Memec became the third largest semiconductor distributor in the world before being sold to Avnet.

One evening in April 1974, Dick returned home from his job at GDS Marketing, a franchised distributor.

“Dick came back one night and said: ‘I think I'm going to do this’. At that time we were living in a bungalow with three children and it seemed a bit of a flyer,” remembers Carole, "but I have absolute confidence in the man, and had complete faith in whatever he wanted to do.”

Later that month, Dick and Carole formed Memec, and engaged the company's first employee, Ed Sturmer, a former colleague of Dick's at GDS.

“I always thought of Memec as like a snowball going down a hill - it gathered momentum", recalls Carole, "it just sort of set off.

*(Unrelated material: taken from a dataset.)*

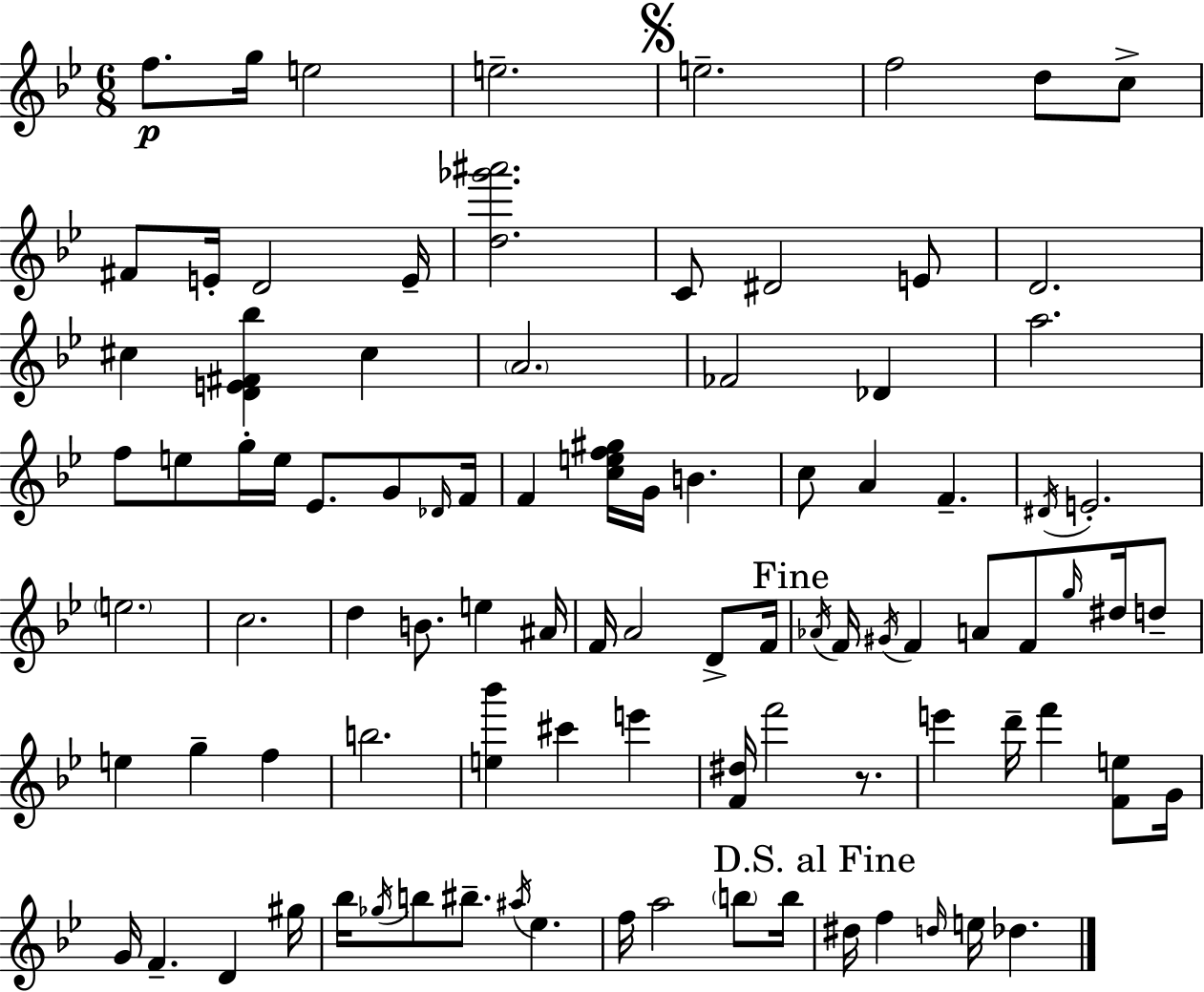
F5/e. G5/s E5/h E5/h. E5/h. F5/h D5/e C5/e F#4/e E4/s D4/h E4/s [D5,Gb6,A#6]/h. C4/e D#4/h E4/e D4/h. C#5/q [D4,E4,F#4,Bb5]/q C#5/q A4/h. FES4/h Db4/q A5/h. F5/e E5/e G5/s E5/s Eb4/e. G4/e Db4/s F4/s F4/q [C5,E5,F5,G#5]/s G4/s B4/q. C5/e A4/q F4/q. D#4/s E4/h. E5/h. C5/h. D5/q B4/e. E5/q A#4/s F4/s A4/h D4/e F4/s Ab4/s F4/s G#4/s F4/q A4/e F4/e G5/s D#5/s D5/e E5/q G5/q F5/q B5/h. [E5,Bb6]/q C#6/q E6/q [F4,D#5]/s F6/h R/e. E6/q D6/s F6/q [F4,E5]/e G4/s G4/s F4/q. D4/q G#5/s Bb5/s Gb5/s B5/e BIS5/e. A#5/s Eb5/q. F5/s A5/h B5/e B5/s D#5/s F5/q D5/s E5/s Db5/q.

There was just Ed Sturmer, Dick, and myself. We ran the company from the bedroom of the bungalow. I typed all the invoices, boxed up the goods and took them to the post box, and chased up the money.”

“Dick and Ed were a wonderful combination they went about the job in totally opposite ways", says Carole, "Ed was more of the software man and Dick was a semiconductor man. They looked at the problems from two very different viewpoints.

“I didn't have time to worry about it with three children and a business", recalls Carole, "I had almost no time to think about anything.”

“In the early days I used to get to visit Harris (Memec's first franchise) and Silicon Valley", recounts Carole, " I remember one guy in the States who when we went in for a meeting looked like the Sun Dance Kid, wearing cowboy boots with his feet propped up on the desk”.

Fortunately, Carole warmed to the semiconductor industry, and liked the often larger-than-life characters who inhabit it.

“I've always found the semiconductor people a highly interesting and obviously very intelligent group of people, different from most people," says Carole.